Michael had translated with reasonable ease to this point, but from a cursory glance at the next couple of pages it looked as if ‘Alexei Iskander' had merely been making background notes about the opening moves of the war. The page was spattered with the names of Prussia and Austria, together with mention of the German Chancellor Bismarck and also the German Army Chief of Staff, along with a few references to the Habsburg Archdukes and Duchesses. It seemed safe to assume that most of these references were detrimental.

He was just thinking he would try to translate at least another couple of paragraphs in the hope of getting to Iskander's arrival in Belgium and his meeting with Leonora, when he was pulled out of Iskander's insouciant world by the realization that footsteps were coming up the steps from the underground room.

He went cautiously to the door and peered out. Luisa was emerging from the underground room, her eyes still with the same unfocused look, and her movements still disconcertingly puppet-like. She closed the door in the panelling, locked it, and returned the key to the drawer in the small bureau. Michael watched her ascend the stairs and waited until he heard her walk across the landing and open and close her bedroom door. It was just on two a.m. He closed Iskander's journal, switched off the laptop, and went determinedly up to his own room, undressed and got into bed.

Surprisingly, he slept extremely well. He had expected the images conjured up by Iskander, as well as the trip to the underground room, to keep him awake, but the old bed was comfortable, and he did not wake until the soft bleeping of his travel alarm at half-past seven. It was a good feeling to realize the night had passed and he would not need to spend another one inside Fosse House.

Seen by day, the house was no longer the brooding mansion of fiction, and the storm had blown itself out. Thin sunshine slanted in through the old windows and painted a pale gold haze across wood and glass and silk. The silk was frayed, the wood dull and the glass grubby, but seen like this the house had a dim charm of its own, and Michael could sympathize with Stephen Gilmore's longing to come home and to see the lamps glowing in the windows as he walked along the drive.

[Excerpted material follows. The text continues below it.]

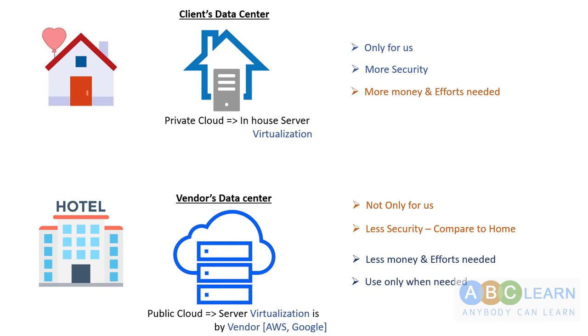One major thing to understand is public cloud started as use only when needed, like when I need some extra space or extra servers. Now they're becoming more mature in terms of security as well as features.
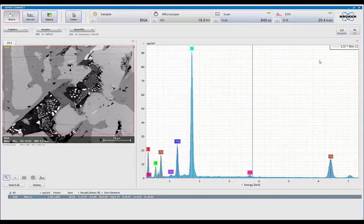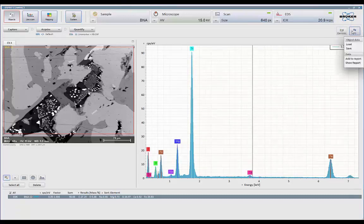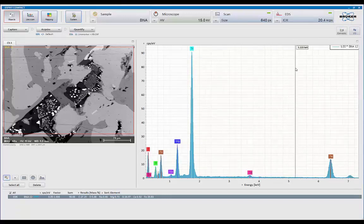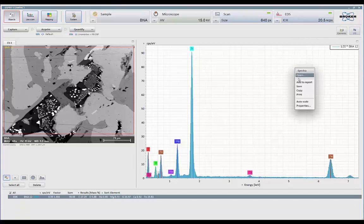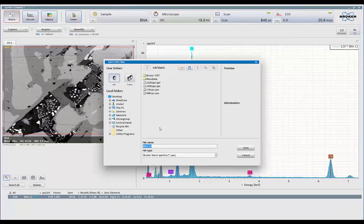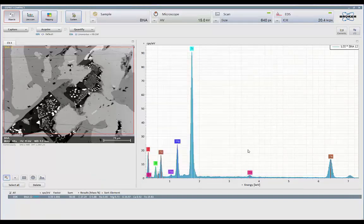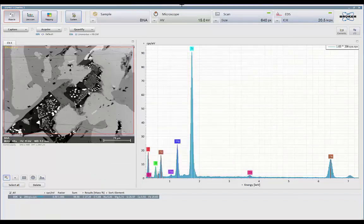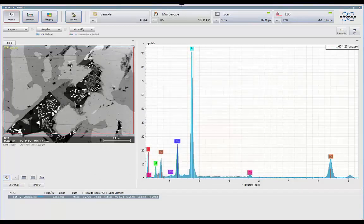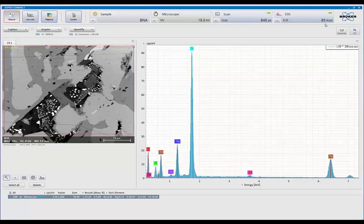Let's save that as a new file. So that was done at 20,000 counts a second. So I'm just going to come in here and press the right mouse button, hit save. And I'm going to say 20k CPS. Let's increase my condenser lens so I can increase my count rate. So let's get it up to, right now we're about 84,000 counts a second.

Last night, when Luisa had murmured about breakfast, Michael had at once said he would forage for himself, then make an early start in the library. Accordingly, he went along to the kitchen, where he made toast and ate a bowl of cereal. After this, he took himself and a second cup of coffee along to the library.

When he opened the curtains a faint mist lay over the gardens. The library windows looked across to an old walled garden, with a wrought-iron gate. Michael wondered if he could go out there to take a look later on. There was something intriguing about walled gardens – they were the kind of green and darkling places where secrets might linger, and where the enquirer was warned not to trespass, not to speak or even whisper, in case, in the words of the de la Mare poem, ‘perchance upon its darkening air, the unseen ghosts of children fare'. Seen at this hour, Fosse House's walled garden looked as if ghosts of any age might congregate there.

Somewhere in the house a clock chimed eight o'clock, and, as if answering, from beyond the house came a deeper chime of some distant church tower. A bird flew out of a tree and twitteringly dive-bombed the lawn for its own breakfast, and the spell of the old garden splintered. The chimes died away, and Michael forgot about ghosts and sat down at the big leather-topped table, to step into the past.